Motorists in some parts of the country are grappling a major fuel shortage as oil marketing firms reportedly hoard petroleum products to protest at the government’s failure to pay them outstanding subsidies running into billions of shillings.
The government pays monthly subsidies to the oil marketers to stabilise the prices of petroleum products as a measure to control the cost of living and cushion consumers from price increase shocks.
Petrol stations in the North Rift and Western Kenya have been reporting stock-outs over the last few days and the situation got worse yesterday, a scenario that industry players warn could unfold in other parts of the country.

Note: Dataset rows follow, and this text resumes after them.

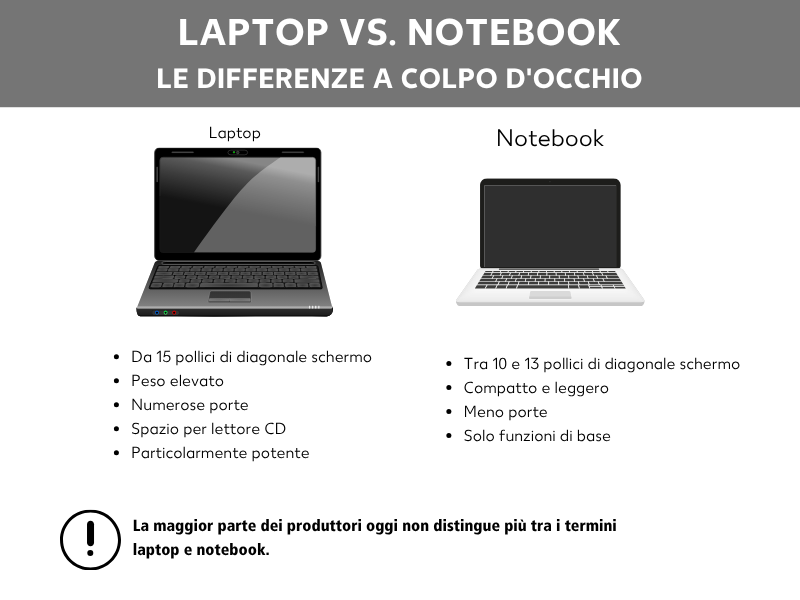Differenze tra notebook e laptop
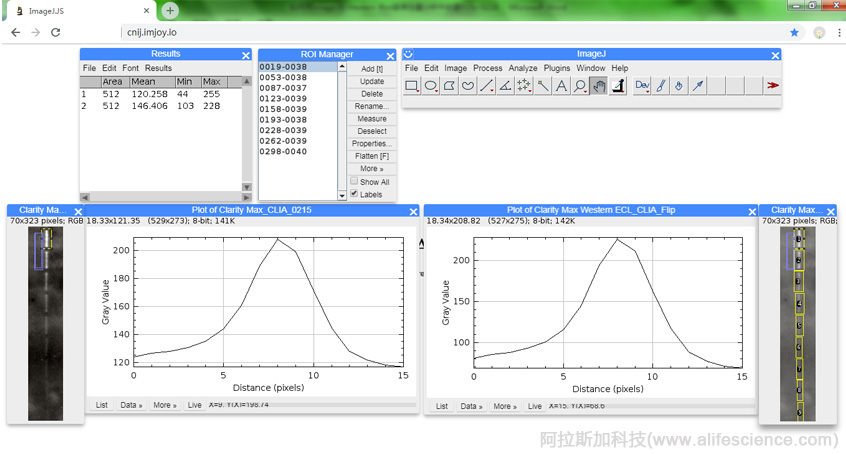 分別執(zhí)行Measure，可調(diào)出共同Results窗口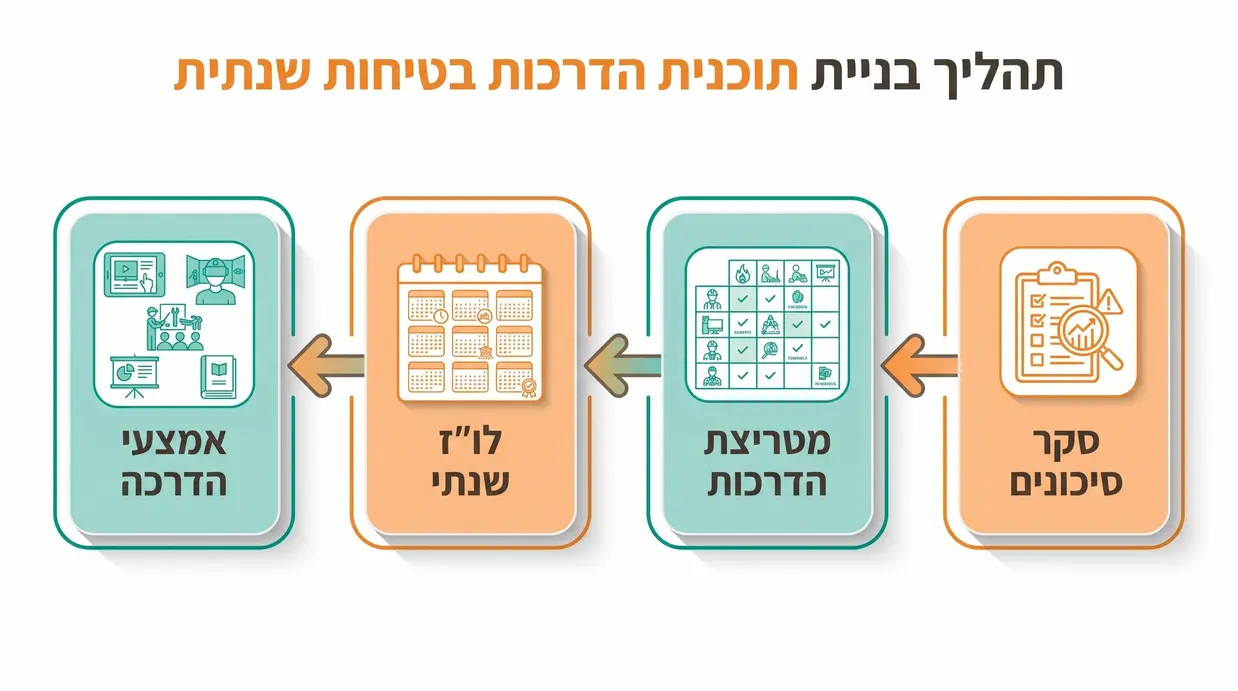 תרשים תהליך לבניית תוכנית הדרכות בטיחות שנתית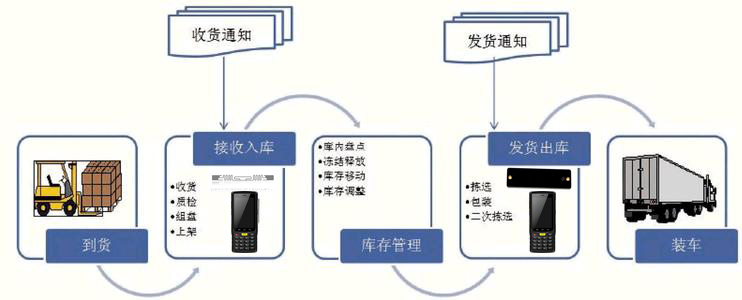 2017-05-12RFID技术在仓库人员管理中的价值1.jpg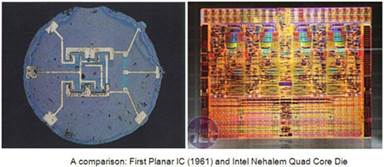 Very Large Scale Integration (VLSI): Very Large Scale Integration (VLSI)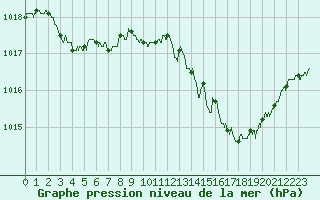 Courbe de la pression atmosphrique pour Perpignan (66)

Some unscrupulous traders in North Rift towns took advantage of the shortage to raise pump prices. They sold petrol and diesel above the maximum recommended prices set by the Energy and Petroleum Regulatory Authority (Epra) every month. Epra sets the prices on the 14th day of each month. In the latest review, it raised petrol and diesel prices by Sh5 per litre but the cost of kerosene remained unchanged.
Industry sources claimed that oil marketing companies were hoarding products to protest the failure by the government to remit funds it owes them for foregoing their margins under the fuel stabilisation programme.
To keep the fuel prices stable, the firms have been foregoing their margins but are later compensated by the government with money from the Petroleum Development Levy.
The firms say they are owed Sh32 billion, which would be equivalent to margins for about four months, going by the Sh8 billion, which the Petroleum Ministry has in the past said is the amount paid monthly by the government to cushion Kenyans from high cost of fuel.
However, the Petroleum Ministry has disputed the figure, saying it owes the industry Sh13 billion.
Mr Andrew Kamau, the Principal Secretary in the Petroleum Ministry, said the shortage of fuel was due to panic buying after motorists reacted to reports of petroleum product shortages in the country.
“The pending bill is only Sh13 billion, which is just 1.5 months and is being processed… (it is) pending verification before payment,” he said.
Epra in a statement attributed the stockouts to “unprecedented logistical challenges”.
“These challenges have caused independent petroleum dealers to run out of petroleum stocks,” said Epra, adding that it was working together with the Petroleum Ministry and oil firms to resolve the supply hitches.
Mr Joseph Karanja, chairman of the Kenya Independent Petroleum Dealers Association, said the shortage had persisted for more than a week now and has been snowballing into what might potentially become a crisis if not dealt with.
“Major oil marketers have not been releasing products to us,” he said. Petroleum Outlets Association of Kenya national coordinator John Njogu said the shortage has seen over 200 fuel stations in various parts of the country closed down.
“This has affected towns like Kajiado, Githurai, Kitui, Nyahururu and North Rift among other areas,” Mr Njogu said in a phone interview.
Access to fuel
The shortage has been occasioned by limited access to fuel stocks held by multinational oil companies by independent fuel dealers, who control about 45 percent of the market.
“The situation will get worse as multinational oil dealers cannot supply fuel alone. Independent fuel dealers are ingrained in various parts of the country, and they will be under pressure to sell fuel at whatever costs,” he said.
A spot check in Kitale revealed that the prices for petrol ranged between Sh135 and Sh150 per litre, while diesel was sold at Sh116 per litre. There was a scramble for the commodity at some filling stations.
In Turkana, the shortage has affected transport in major towns like Lodwar, Kakuma and Lokichoggio after several fuel stations ran dry. In Kakuma, a litre of petrol retailed at Sh300.